Berita Perbankan – Ketika bank sentral Amerika Serikat Federal Reserve, atau yang lebih dikenal sebagai The Fed, melakukan perubahan dalam kebijakan moneternya, dampak yang ditimbulkan dapat merambat hingga ke pasar valuta asing, terutama dalam dinamika suku bunga simpanan valuta asing (SBP). Kebijakan moneter The Fed dapat memengaruhi tingkat suku bunga di berbagai sektor ekonomi, termasuk investasi valuta asing.
Meskipun kebijakan moneter AS ini menimbulkan ketidakpastian global, namun Ketua Dewan Komisioner Lembaga Penjamin Simpanan (LPS), Purbaya Yudhi Sadewa memastikan kondisi likuiditas valas masih relatif terjaga.
“Suku bunga kebijakan global khususnya Fed rate yang masih naik dan potensial dipertahankan tinggi berdampak pada laju kenaikan SBP valuta asing.

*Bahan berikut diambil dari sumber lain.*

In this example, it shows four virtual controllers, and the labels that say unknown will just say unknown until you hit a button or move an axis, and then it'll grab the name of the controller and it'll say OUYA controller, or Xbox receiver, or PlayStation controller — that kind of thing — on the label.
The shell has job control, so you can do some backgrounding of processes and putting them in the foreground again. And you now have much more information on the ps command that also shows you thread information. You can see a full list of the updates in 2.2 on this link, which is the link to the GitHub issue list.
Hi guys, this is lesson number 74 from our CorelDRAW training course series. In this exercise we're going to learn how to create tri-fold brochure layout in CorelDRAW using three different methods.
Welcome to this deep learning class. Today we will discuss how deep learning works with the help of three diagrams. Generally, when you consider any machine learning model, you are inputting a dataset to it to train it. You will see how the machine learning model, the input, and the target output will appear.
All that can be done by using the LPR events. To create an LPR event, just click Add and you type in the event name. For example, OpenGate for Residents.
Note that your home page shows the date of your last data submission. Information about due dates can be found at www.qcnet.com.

Meski demikian, kondisi likuiditas valuta asing perbankan yang relatif terjaga mendorong kenaikan SBP valas lebih moderat,” ungkap Purbaya, Jumat (29/9/2023).

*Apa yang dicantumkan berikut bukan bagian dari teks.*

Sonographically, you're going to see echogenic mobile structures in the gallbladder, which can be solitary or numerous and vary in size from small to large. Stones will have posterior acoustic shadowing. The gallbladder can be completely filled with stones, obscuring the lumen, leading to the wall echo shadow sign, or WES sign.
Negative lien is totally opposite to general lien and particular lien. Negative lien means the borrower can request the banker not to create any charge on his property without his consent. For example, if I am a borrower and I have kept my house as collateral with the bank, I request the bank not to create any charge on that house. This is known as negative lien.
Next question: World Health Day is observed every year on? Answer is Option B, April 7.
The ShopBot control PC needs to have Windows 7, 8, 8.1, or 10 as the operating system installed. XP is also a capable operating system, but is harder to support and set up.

Purbaya mengatakan pada periode observasi yang sama, terdapat peningkatan sebesar 25 basis poin (bps) dalam SBP simpanan valas, sehingga mencapai 1,86 persen, jika dibandingkan dengan Tingkat Bunga Penjaminan (TBP) yang ditetapkan pada Mei 2023.

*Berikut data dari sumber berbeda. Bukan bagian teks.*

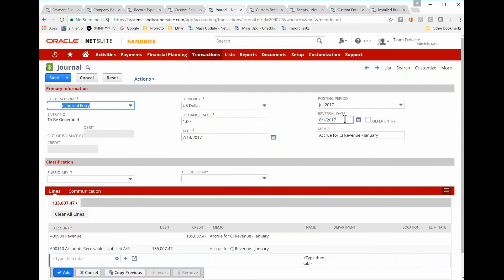And so what I did is I wrote a user event script to handle the copy that looks up the posting period. So you're getting the record prepped, and there's no client-side script at this point.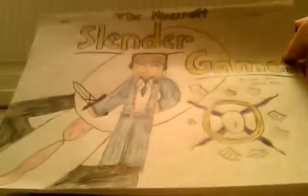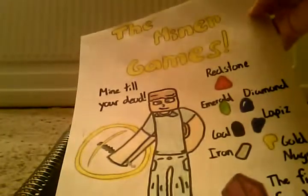I have a Minecraft Slender Games book. I have another Minecraft book which is the Miner Games.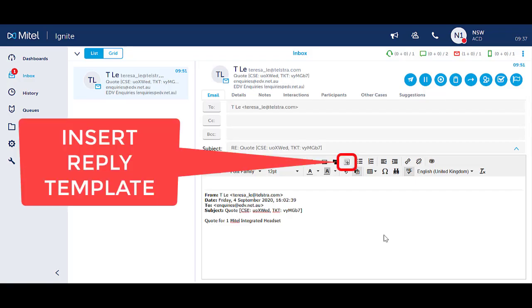To insert a reply template in the body of an email, select the Insert Reply Template icon.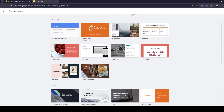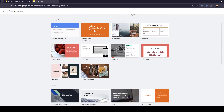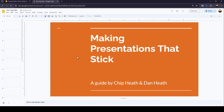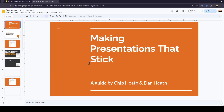So once you choose a template, just go ahead and click on it, and now as you can see, the template is loading and now we are in the presentation. Once you're here, you're going to find all of the tools that you need in order to modify this presentation.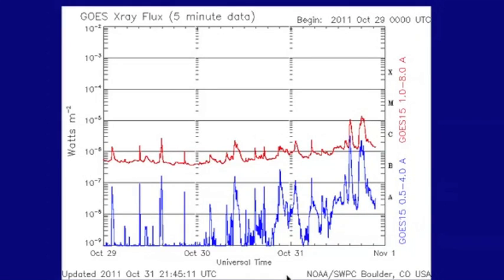Hey folks, we had two M Flares today. Big shout out to everyone who sent us messages about this. You guys are really on top of your games, doing some great observations, and there's a good number of you as well, so it's really impressive.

Purbaya memastikan bahwa LPS terus mengawasi perkembangan suku bunga simpanan bank nasional, termasuk yang dalam mata uang rupiah maupun valuta asing. Dia menyatakan bahwa terdapat kenaikan sebesar lima bps pada simpanan rupiah di SBP, sehingga mencapai 3,29 persen jika dibandingkan dengan situasi pada Mei 2023.
“Hal ini menunjukkan perbankan masih dalam tahap transisi penyesuaian, dan merespon langkah kebijakan moneter yang ditempuh bank sentral, baik Bank Indonesia maupun bank sentral global utama,” jelas Purbaya.
Sebelumnya, Bank Indonesia (BI) meramalkan bahwa Federal Funds Rate (FFR) masih berpotensi mengalami kenaikan lebih lanjut. Gubernur BI, Perry Warjiyo, menjelaskan bahwa tingkat ketidakpastian dalam ekonomi global saat ini masih relatif tinggi, sehingga ada kemungkinan The Fed akan terus meningkatkan suku bunga acuan.
“FFR kemungkinan akan naik sekali lagi, kemungkinan pada awal November 2023. Tapi probabilitasnya memang ini kemungkinan kenaikan yang terakhir pada awal November nanti,” kata Perry.
Perry menyatakan bahwa BI akan melakukan evaluasi bulanan secara berkelanjutan dengan mempertimbangkan data terbaru, termasuk informasi dari The Fed serta proyeksi inflasi dan pertumbuhan ekonomi Amerika Serikat (AS) yang disusun oleh BI.